The partition points are:
0, 1, 2
Inside $[0,1]$, participant 2 always exceeds the current score, so:
$$P(s_2 < x)=0$$
The algorithm integrates only over open-length segments, so the single point $x=1$ contributes zero measure. The result becomes exactly:
1 0
0 1
Now consider identical intervals:
3
0 5
0 5
0 5
All participants use the same linear probability:
$$P(s_k < x)=x/5$$
The generating polynomial is symmetric for every participant. Since the integration interval is also identical, every rank receives probability exactly $1/3$.

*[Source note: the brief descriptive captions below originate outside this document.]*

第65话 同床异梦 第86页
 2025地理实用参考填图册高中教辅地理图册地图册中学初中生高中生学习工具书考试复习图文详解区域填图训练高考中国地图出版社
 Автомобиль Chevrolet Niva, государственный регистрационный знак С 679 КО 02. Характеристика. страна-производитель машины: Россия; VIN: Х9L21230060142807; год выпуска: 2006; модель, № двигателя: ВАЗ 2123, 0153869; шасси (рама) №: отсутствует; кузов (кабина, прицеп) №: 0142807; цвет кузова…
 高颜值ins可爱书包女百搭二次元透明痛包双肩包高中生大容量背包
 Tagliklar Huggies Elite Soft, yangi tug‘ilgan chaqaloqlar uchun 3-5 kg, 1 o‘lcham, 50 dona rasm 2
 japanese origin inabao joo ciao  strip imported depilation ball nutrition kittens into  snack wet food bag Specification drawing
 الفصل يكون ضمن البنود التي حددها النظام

Finally consider nested intervals:
2
0 10
4 6
The partition points are:
0, 4, 6, 10
Inside $[0,4]$, participant 2 can never score below the current value.
Inside $[4,6]$, the probability becomes linear:
$$\frac{x-4}{2}$$
Inside $[6,10]$, participant 2 is always below.
The algorithm handles each segment separately, so the probability formula changes exactly where it should. Missing this segmentation is the classic source of wrong answers in this problem.